Because of the Bible, of course. Hobby Lobby’s founder and CEO David Green is an avid collector of Biblical antiquities and recently opened the Museum of the Bible in Washington, D.C. Green has spent years scouring the Middle East collecting artifacts related to the history of the Christian Bible, including clay cuneiform tablets from Mesopotamia and Sumeria. Green has spent untold millions on his collection, which has gotten him in trouble with the law before. Last year, Hobby Lobby was forced to forfeit over 5,000 artifacts and $3 million related to archaeological specimens illegally smuggled out of Iraq.
Those artifacts are set to be returned to the Iraq museum this week. To announce the repatriation of these priceless archaeological artifacts, ICE issued a statement which curiously hints that these seized tablets could have originated from Irisagrig, a long-rumored lost Sumerian city which has eluded archaeologists for years. Due to widespread looting and wars, most of the archaeological evidence of this lost city has been scattered on the black market or pulverized into dust, making a definitive identification of the city’s location difficult.

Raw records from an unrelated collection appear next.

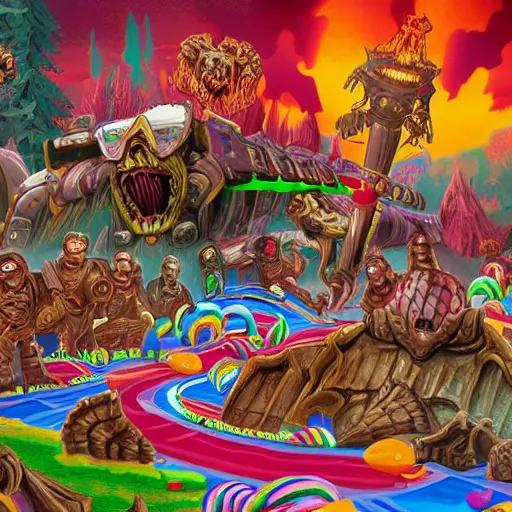 Prompt: the Doomslayer's adventure in Candy Land, 4k, highly detailed, digital art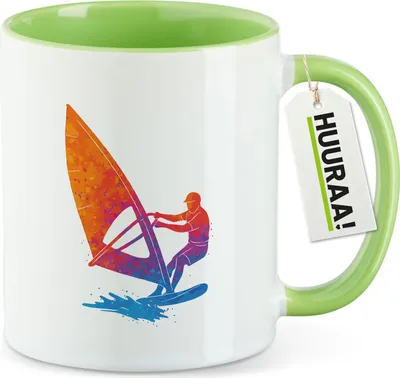 Produktbild von Huuraa Kaffeetasse Windsurfen bunte Silhouette 330ml Grün Keramik Kaffeebecher Geschenkidee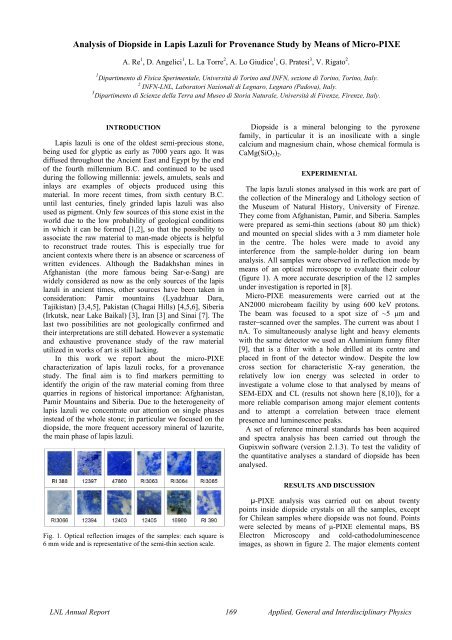 Analysis of Diopside in Lapis Lazuli for Provenance Study by Means ...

ICE’s statement says this latest batch of smuggled artifacts are “from the Ur III and Old Babylonian period (2100-1600 BCE)” and consist of mostly “legal and administrative documents.” The seized cache of smuggled artifacts also includes “an important collection of Early Dynastic incantations and a bilingual religious text from the Neo-Babylonian period” mostly written in cuneiform.
Coverage of the artifacts’ repatriation will be livestreamed on YouTube from the Iraqi embassy in Washington, D.C. on May 2nd, 6:00 p.m. GMT.